Berliner Feuerwehr: Ausnahmezustand ist Normalzustand

Der Rettungsdienst muss gerettet werden. Für das Desaster gibt es viele Ursachen – auch dass der Notruf wegen Schlaflosigkeit und Flatulenz gewählt wird.

Ein Rettungswagen der Feuerwehr mit eingeschaltetem Blaulicht. (Symbolbild)
Ein Rettungswagen der Feuerwehr mit eingeschaltetem Blaulicht. (Symbolbild)dpa/Fernando Gutierrez-Juarez

Achten Sie auf Ihre Gesundheit! Denn wenn Sie einen Herzinfarkt oder einen Schlaganfall haben, könnte es länger dauern, bis Hilfe da ist.

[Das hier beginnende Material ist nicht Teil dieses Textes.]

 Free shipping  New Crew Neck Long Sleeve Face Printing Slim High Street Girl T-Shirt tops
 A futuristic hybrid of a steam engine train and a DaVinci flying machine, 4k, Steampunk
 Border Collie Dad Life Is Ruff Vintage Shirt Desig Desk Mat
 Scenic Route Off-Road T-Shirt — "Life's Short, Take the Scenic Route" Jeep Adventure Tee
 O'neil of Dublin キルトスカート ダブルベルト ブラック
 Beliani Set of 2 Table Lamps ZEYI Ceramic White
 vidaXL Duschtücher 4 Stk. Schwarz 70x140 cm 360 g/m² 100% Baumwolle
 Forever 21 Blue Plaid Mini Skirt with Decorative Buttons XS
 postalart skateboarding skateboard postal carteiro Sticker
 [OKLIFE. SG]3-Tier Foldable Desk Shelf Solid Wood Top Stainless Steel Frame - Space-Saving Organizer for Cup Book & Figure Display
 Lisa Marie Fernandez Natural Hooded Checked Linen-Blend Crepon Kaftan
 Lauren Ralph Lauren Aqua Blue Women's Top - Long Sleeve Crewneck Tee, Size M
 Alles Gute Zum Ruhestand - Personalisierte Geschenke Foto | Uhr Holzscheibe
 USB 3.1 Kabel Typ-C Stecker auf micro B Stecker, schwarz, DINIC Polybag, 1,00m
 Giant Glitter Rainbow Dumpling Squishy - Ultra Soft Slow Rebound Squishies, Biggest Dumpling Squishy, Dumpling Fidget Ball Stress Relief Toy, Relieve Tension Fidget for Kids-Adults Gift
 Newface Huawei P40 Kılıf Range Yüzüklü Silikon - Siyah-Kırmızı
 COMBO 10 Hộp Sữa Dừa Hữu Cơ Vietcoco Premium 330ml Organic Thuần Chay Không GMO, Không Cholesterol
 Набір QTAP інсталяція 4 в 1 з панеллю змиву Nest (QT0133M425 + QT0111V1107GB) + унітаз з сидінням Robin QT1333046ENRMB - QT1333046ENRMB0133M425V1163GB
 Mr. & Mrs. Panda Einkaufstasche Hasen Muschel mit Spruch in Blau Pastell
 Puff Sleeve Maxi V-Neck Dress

Eine Leserin dieser Zeitung schrieb uns kürzlich, dass sie einen Brand melden wollte und beim Notruf 112 lange nicht durchkam. „Ich bin darüber bestürzt, dass die Feuerwehr zunächst gar nicht erreichbar war!“, schreibt die Leserin. „Ich frage mich: Was, wenn ich einen Schlaganfall, schweren Unfall usw. hätte melden wollen?“

Die Unzufriedenheit ist groß. Nur in 48,1 Prozent der Fälle schaffen es die Sanitäter, innerhalb von zehn Minuten am Einsatzort zu sein. Das Ziel ist eigentlich, dass sie es zu 90 Prozent schaffen. Immer wieder fehlt Personal, um Rettungswagen zu besetzen – so wie am vergangenen Wochenende. Ausnahmezustand ist bei Berlins Feuerwehr inzwischen Normalzustand.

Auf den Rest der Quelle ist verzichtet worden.